Task requirements ▸ Could you copy word for word only the lines between the one containing "Marjorie Vander Weide (1953-1980)" and the end of the listing below, both included, and leave out the pictures?

Dataset excerpt ▸

================================

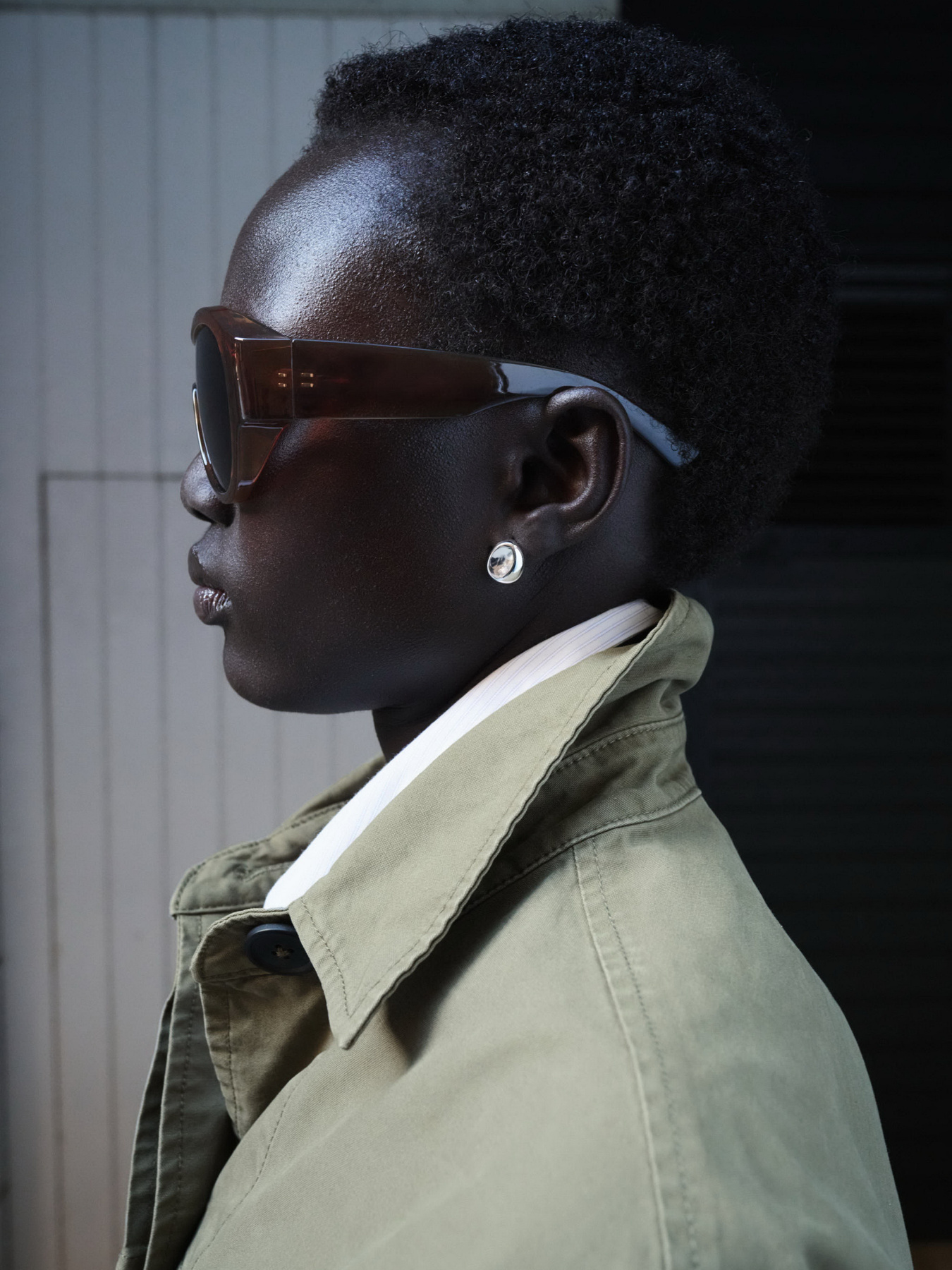 Куртки та дублянки MANGO CAMPO модель 27045973_37 Фото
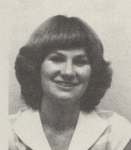 Marjorie Vander Weide (1953-1980)
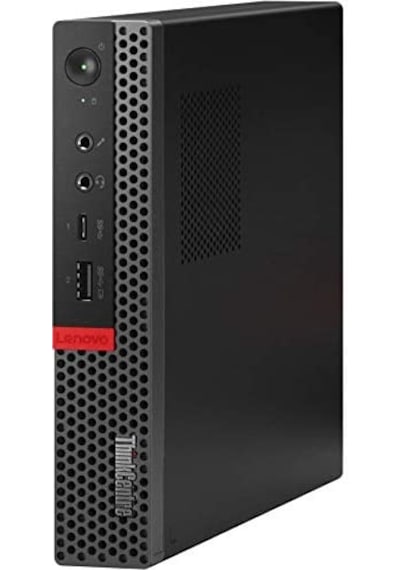Lenovo ThinkCentre M910Q Tiny 10RS0015UA i5-7500T 8 GB 256 GB W10P Mini PC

================================

Output of the exercise ▸
 Marjorie Vander Weide (1953-1980)
Lenovo ThinkCentre M910Q Tiny 10RS0015UA i5-7500T 8 GB 256 GB W10P Mini PC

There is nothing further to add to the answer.